EleutherAI / gpt-neox

An implementation of model parallel autoregressive transformers on GPUs, based on the Megatron and DeepSpeed libraries
https://www.eleuther.ai/
Apache License 2.0
6.72k stars 981 forks source link

RuntimeError: Error(s) in loading state_dict for EmbeddingPipe: size mismatch for word_embeddings.weight #645

Open mcao516 opened 2 years ago

mcao516 commented 2 years ago

Describe the bug RuntimeError: Error(s) in loading state_dict for EmbeddingPipe: size mismatch for word_embeddings.weight: copying a param with shape torch.Size([25216, 6144]) from checkpoint, the shape in current model is torch.Size([50304, 6144]).

To Reproduce

  1. Download Slim weights
  2. Update the vocabulary and checkpoint path in ./configs/20B.yml (HFTokenizer is used)
  3. Run: ./deepy.py generate.py ./configs/20B.yml -i prompt.txt -o sample_outputs.txt

Screenshots image

Environment (please complete the following information):

jdagdelen commented 2 years ago

I'm experiencing this too. Not sure what I'm doing wrong.
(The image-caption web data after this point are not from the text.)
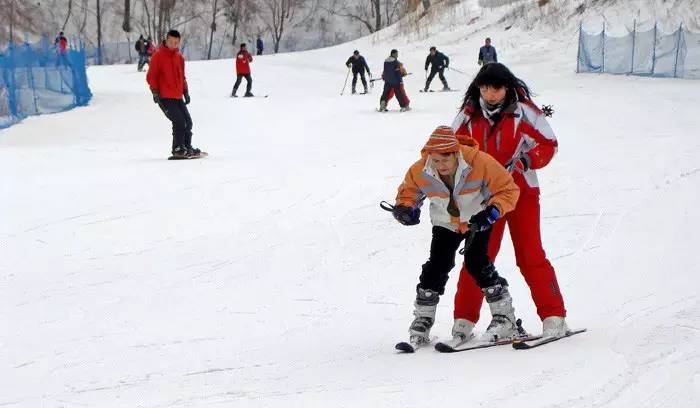 郑州春节滑雪好玩的地方排行榜,郑州桃花峪滑雪场门票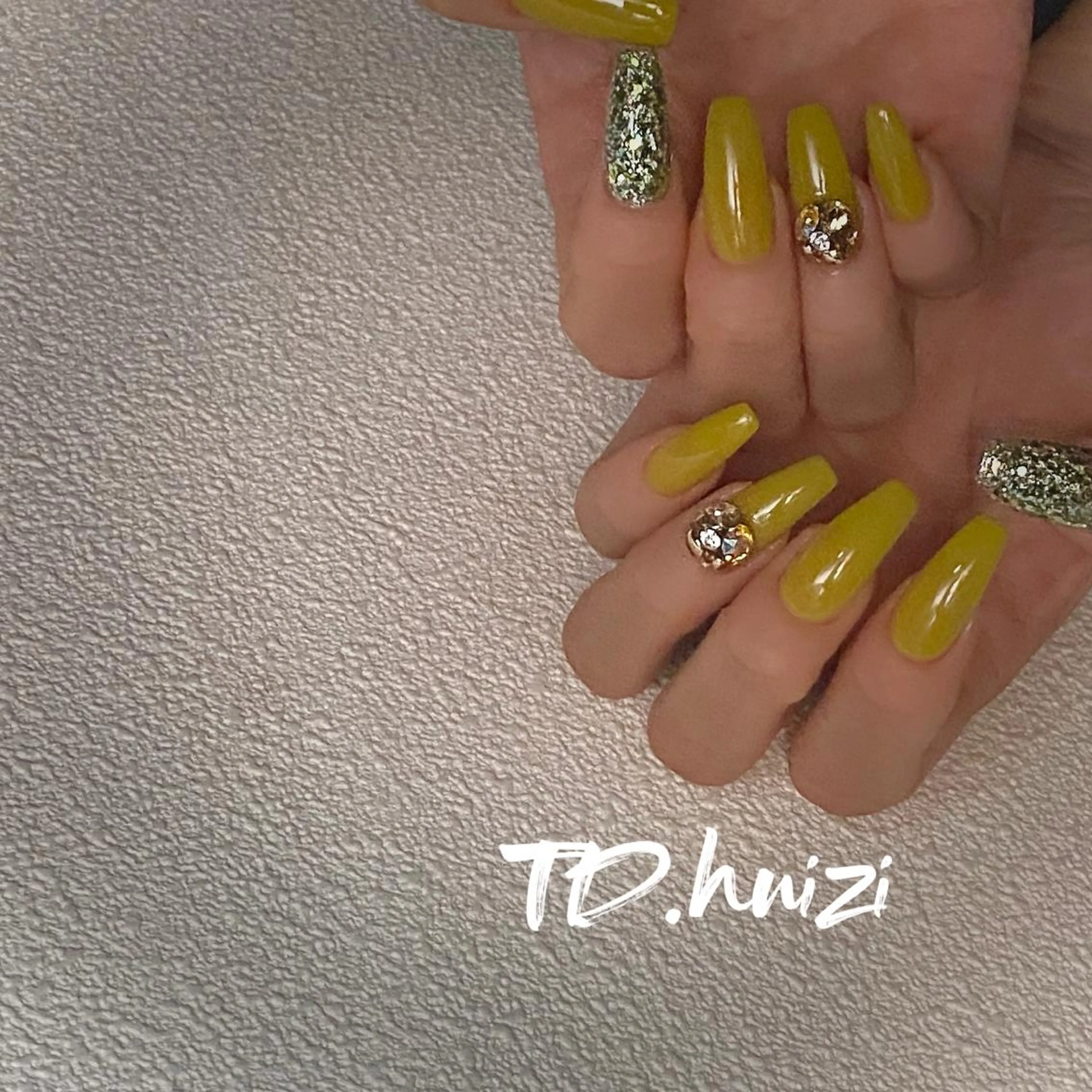 セミロング めぐみのネイルサロン スタッフ練習のネイルデザイン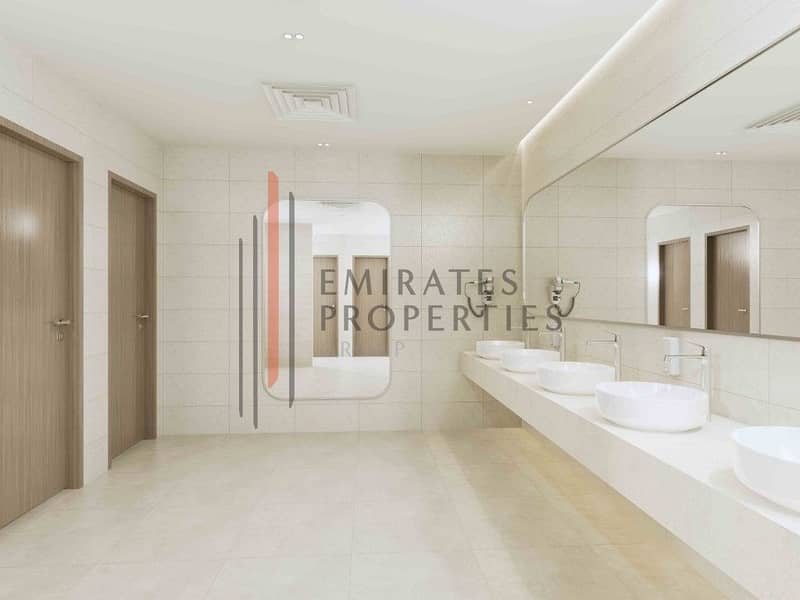 11 12-HEALTH-CLUB-BATHROOM-copy. jpg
Downloaded the weights from here which the "fixed" link from #646. However, I also downloaded the slim weights and that seems to load ok, although the output from the model is gibberish.

FayZ676 commented 1 year ago

I am getting the same problem too when trying to train a 1-3B model.

To Reproduce:

  1. Download Slim weights
  2. Update ./configs/1-3B.yml as shown in the screen shots below.
  3. Run python ./deepy.py train.py -d configs 1-3B.yml

Screenshots: Screen Shot 2022-12-09 at 3 20 38 PM Screen Shot 2022-12-09 at 3 20 54 PM

Environment:

binglun30 commented 1 year ago

I also had the same problem, when using a single machine to load the slim weight downloaded on github, it reported a similar error, here is a screenshot of the error message image

Environment:

GPU's: 4x 3090 (96G)

djaym7 commented 1 year ago

What's the solution ? and why closed ?

StellaAthena commented 1 year ago

@djaym7 Thanks for saying something. I don't recall closing this and have reopened it.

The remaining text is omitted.